To evaluate the risk of hepatitis B virus (HBV) activation in patients with glomerulonephritis (GN) receiving regular immunosuppressive therapy, and to provide data for more reasonable immunosuppressive therapeutic regimens in patients complicated with HBV infection.

Between January 2006 and December 2013, a total of 275 patients with GN were recruited, who were diagnosed by renal biopsy in the Affiliated Hospital to Guangdong Medical College, and divided into HBsAg positive group (102 cases) and HBsAg negative group (173 cases). HBsAg positive patients were further divided into Pred group, Pred+ CTX group, Pred+ AZA and/or TwHF group, whose incidences of liver injury were compared among them. HBsAg positive patients were also divided into antiviral group and non-antiviral group, whose incidences of liver injury were compared between them. The logistic regression statistical method was applied to analyze the risk factors for hepatitis activation.
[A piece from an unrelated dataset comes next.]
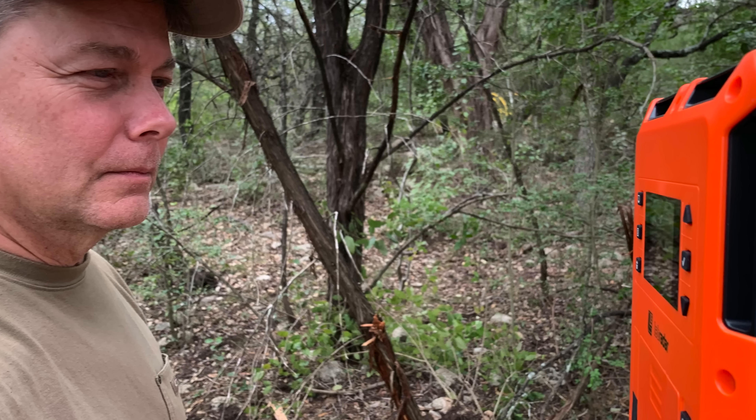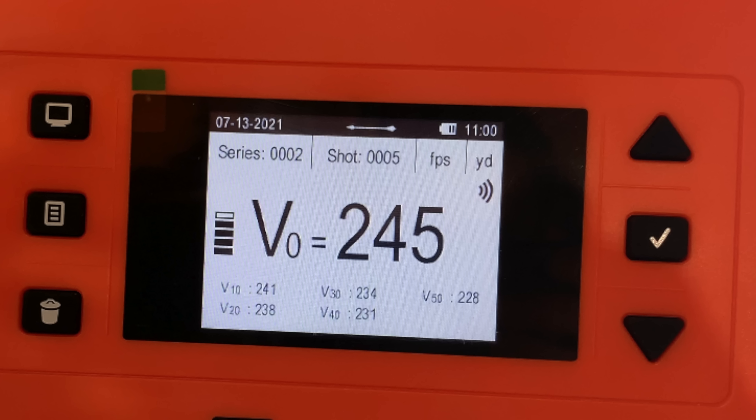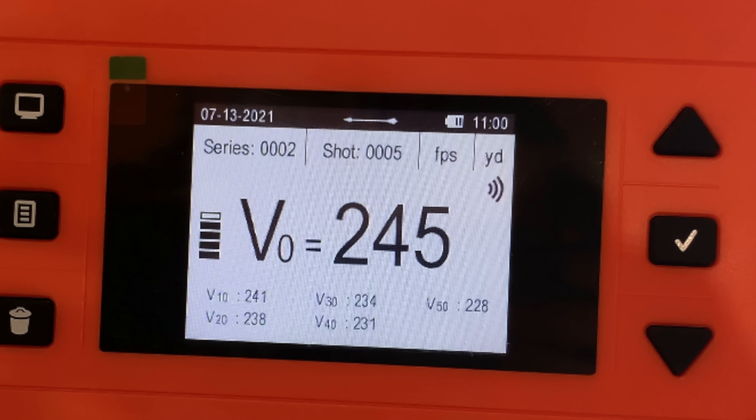We shot through the lab radar. Here's a picture of that gizmo. A lab radar catches the flight of a projectile — it could be a bullet or whatever. We set it to archery. You stand next to it, shoot your bow, and as it's flying through the radar it picks up the velocity at certain ranges. All we did in this video was say launch and 60 yards.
The incidences of liver injury in HBsAg positive and negative groups were 32.4% (33/102) vs 7.6% (13/172), respectively, the difference of wghich was statistically significant (χ²=28.421, P<0.001). 78.4% of the liver injury in HBsAg positive patients occurred within 6 months after receiving immunosuppressive therapy. The incidence of liver injury in the Pred+ CTX group [66.7% (6/9)], was not significantly higher than those in the Pred group [37.8%(23/61)] and in the Pred+ AZA and/or TwHF group [25% (8/32)] (χ²=5.41, P=0.067). And it was found that the immunosuppression therapy regimen was a risk factor for HBV activation (OR=7.501, P=0.027). The baseline levels of ALT (t=3.133, P=0.03) and the percentage of patients with HBV-DNA copies over 10⁵/mL (χ²=15.174, P<0.001) were both higher in the antiviral group than in the non-antiviral group. After the immunosuppressive therapy treatment, the incidence of liver injury was not significantly higher in the antiviral group [47.5% (19/40)] than in the non-antiviral group [29% (18/62)] (P>0.05).

GN patients with positive HBsAg were at high risk for HBV activation during immunosuppressive therapy, especially in the first six months. So the serum HBV-DNA level and the liver function monitoring should be strengthened in these patients. CTX may expose HBsAg positive patients to the risks of HBV activation and hepatotoxicity.Prophylactic antiviral therapy can reduce HBV-DNA replication, but seems to fail in reducing the incidence of liver injury. More prospective studies are still needed to confirm the value of prophylactic antiviral therapy for GN patients with HBV infection.